Orbital characteristics
- Epoch 23 March 2018 (JD 2458200.5)
- Uncertainty parameter 0
- Observation arc: 93.89 yr (34,293 d)
- Aphelion: 2.9152 AU
- Perihelion: 2.6666 AU
- Semi-major axis: 2.7909 AU
- Eccentricity: 0.0445
- Orbital period (sidereal): 4.66 yr (1,703 d)
- Mean anomaly: 18.189°
- Mean motion: 0° 12^{m} 41.04^{s} / day
- Inclination: 4.0598°
- Longitude of ascending node: 180.71°
- Argument of perihelion: 37.691°

Physical characteristics
- Mean diameter: 10.067±0.090 km 10.415±0.123 km 13.02±0.49 km 21.16 km (calculated)
- Synodic rotation period: 17.02±0.02 h
- Geometric albedo: 0.057 (assumed) 0.150±0.023 0.2364±0.0456
- Spectral type: SMASS = S · S S(SDSS-MFB)
- Absolute magnitude (H): 12.0 · 12.10 12.29±0.11

= 1020 Arcadia =

Main-belt asteroid

1020 Arcadia, provisional designation , is a stony Agnia asteroid from the central regions of the asteroid belt, approximately 11 km in diameter. It was discovered on 7 March 1924, by German astronomer Karl Reinmuth at the Heidelberg Observatory in Heidelberg, Germany. The asteroid was named after the Greek region of Arcadia.

== Orbit and classification ==

Arcadia is a member of the Agnia family (514), a very large family of stony asteroids with more than 2000 known members. They most likely formed from the breakup of a basalt object, which in turn was spawned from a larger parent body that underwent igneous differentiation. The family's parent body and namesake is the asteroid 847 Agnia.

It orbits the Sun in the central main-belt at a distance of 2.7–2.9 AU once every 4 years and 8 months (1,703 days; semi-major axis of 2.79 AU). Its orbit has an eccentricity of 0.04 and an inclination of 4° with respect to the ecliptic. The body's observation arc begins at Heidelberg in March 1924, six days after its official discovery observation.
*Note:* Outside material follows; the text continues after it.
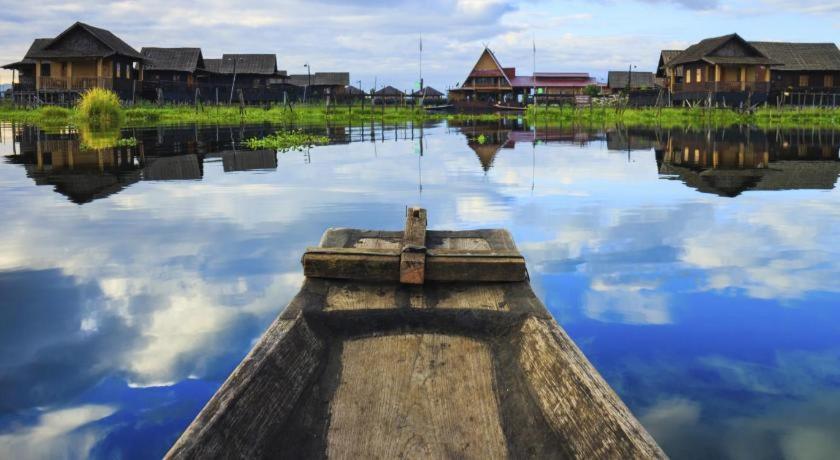 Immana Grand Inle Hotel Няунг Шве Екстериор снимка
== Physical characteristics ==

In the SMASS classification, Arcadia is a common, stony S-type asteroid. It has been characterized as an S-type by Pan-STARRS photometric survey, as well as by SDSS-MFB (Masi Foglia Bus).

=== Rotation period ===

In November 2011, a fragmentary rotational lightcurve of Arcadia was obtained from photometric observations by Gordon Gartrelle at the University of North Dakota. Lightcurve analysis gave a rotation period of 17.02 hours with a brightness amplitude of 0.05 magnitude (U=1). As of 2018, no secure period has been obtained.

=== Diameter and albedo ===

According to the survey carried out by the NEOWISE mission of NASA's Wide-field Infrared Survey Explorer, Arcadia measures between 10.067 and 13.02 kilometers in diameter and its surface has an albedo between 0.150 and 0.2364. The Collaborative Asteroid Lightcurve Link assumes an albedo 0.057, i.e. an albedo for a carbonaceous rather than for a stony asteroid, and consequently calculates a much larger diameter of 21.16 kilometers based on an absolute magnitude of 12.1. It may be speculated whether this anomaly is a glitch in the data base.

== Naming ==

This minor planet was named after the Greek region of Arcadia in central Peloponnese. It is also a celebrated mythological region, where the shepherd god Pan lived. The official naming citation was mentioned in The Names of the Minor Planets by Paul Herget in 1955 (H 97).